A “mileage meter” is plugged into the OBD port and automatically reports your mileage driven to the government, which then duns you – probably via automatic debit from your bank account.

It works like a Smart Meter. The power company no longer needs to send a guy out to your house.

And more.

Smart Meters monitor electricity usage, just as your driving will be monitored. And both lay all the necessary technical groundwork for controlling usage – and driving.

But this commuter tax only works on cars that have this electronic leash – so to speak. Older cars – and motorcycles –  with mechanical speedometers (and without computers) can’t be kept track of remotely. They are free range transportation. Anonymous. Untraceable. Easily “tampered” with.

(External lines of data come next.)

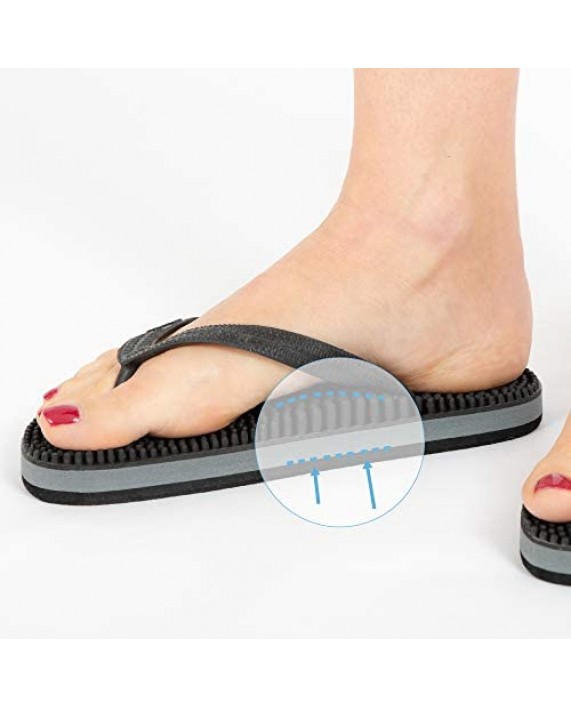 Revs Premium Massage Flip Flops - Massage Footbed for Better Health Pain Relief Increase in Circulation & Energy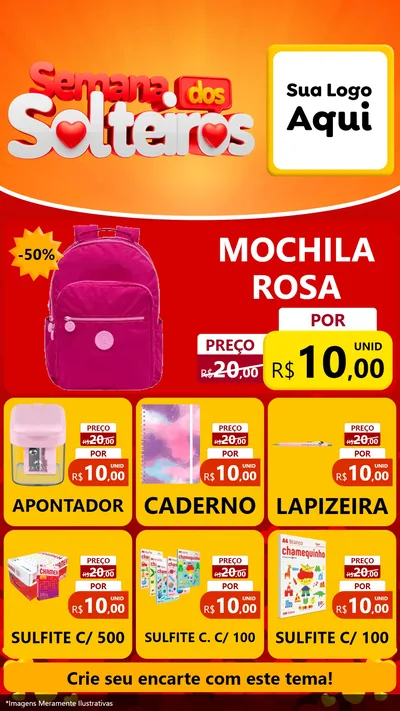 Modelo de Rede Social para Stories com o tema Semana dos Solteiros para Papelaria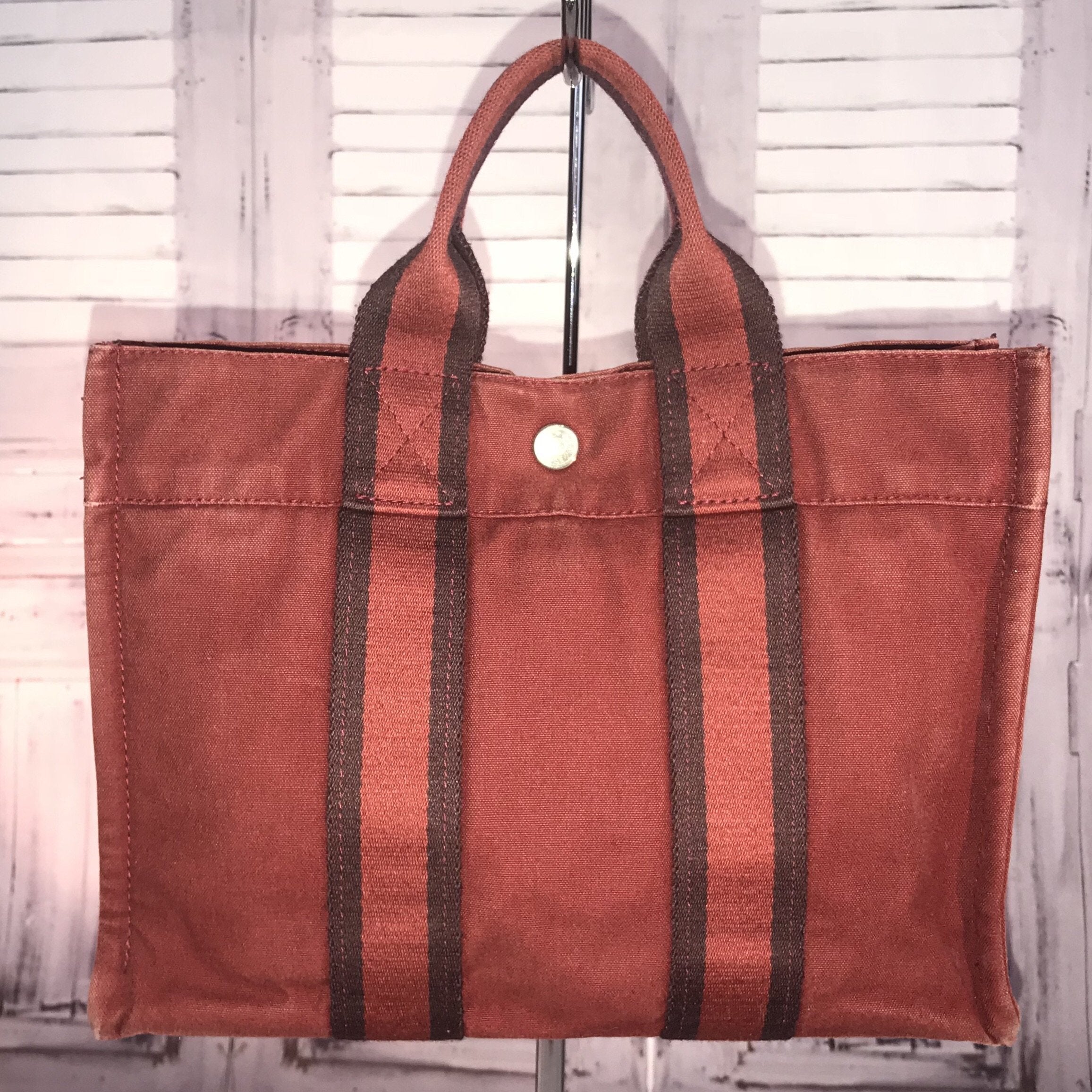 hermes canvas fourre tote bag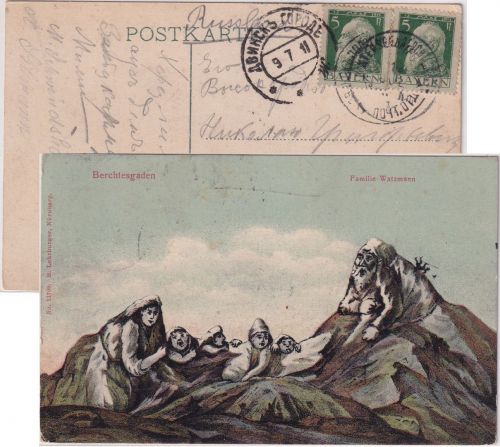 Bayern - 2x5 Pfg. Luitpold Karte n. RUSSLAND (Lettland) Berchtesgaden 1911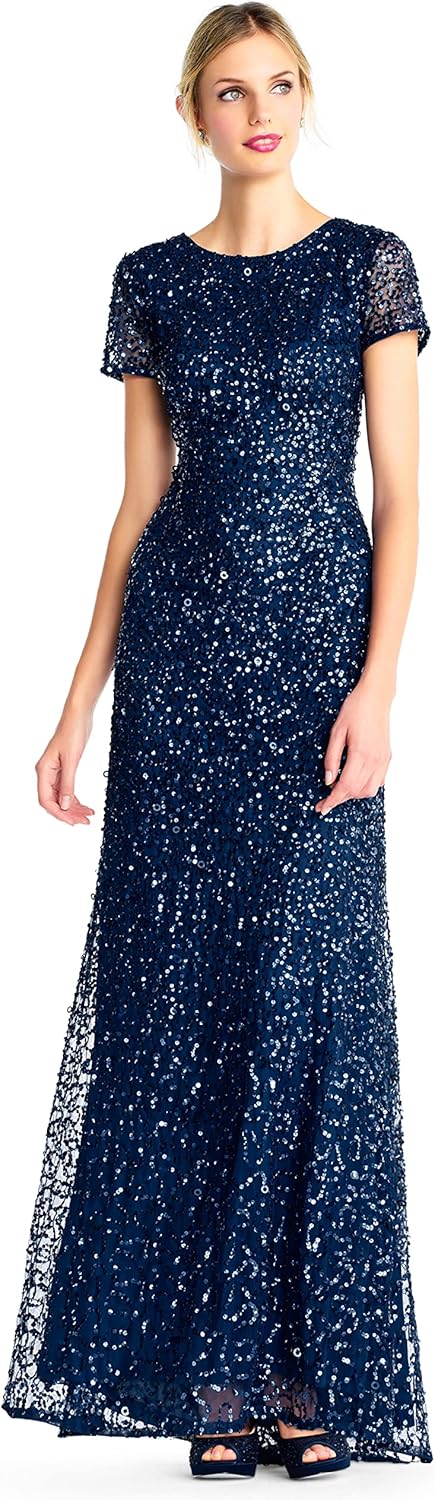 Adrianna Papell womens Short-sleeve All Over Sequin Gown dresses, Deep Blue, 12 US - B085RC74H1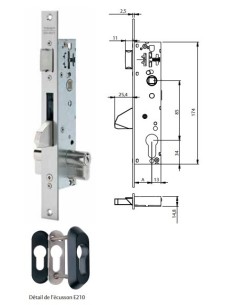 Cerradura perfil metálico estrecho 4216BE frente inoxidable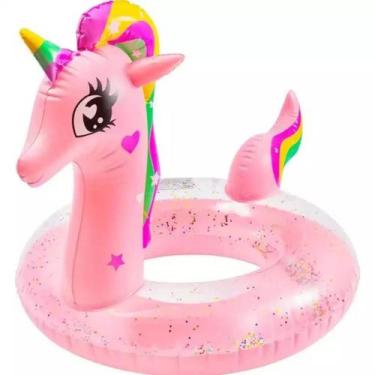 Imagem de Boia Inflável Unicórnio Piscina Brincar Infantil 90cm com Glitter  ver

That probably won’t be allowed.

Not directly, of course. These creeps are subtler nowadays; they have learned it goes down easier if done elliptically. No outright ban on older vehicles. Just a new regulation – or several – that mandate compliance with the commuter tax in some functionally onerous or economically untenable manner, such as that they be fitted with the tech necessary to keep track of their mileage

If you can’t afford to modify your older car or motorcycle so that it is “compliant,” you can no longer drive it.

Easy Peesy.

“That’s where we’re headed in the future,” DeFazio recently eructed.

If so, it’s a worrisome future – if you worry about the implications of taxing people for driving – as such.

And despise the idea of herding people into urban hives – so that the countryside can be opened up for the elites, like DeFazio, who are behind the herding.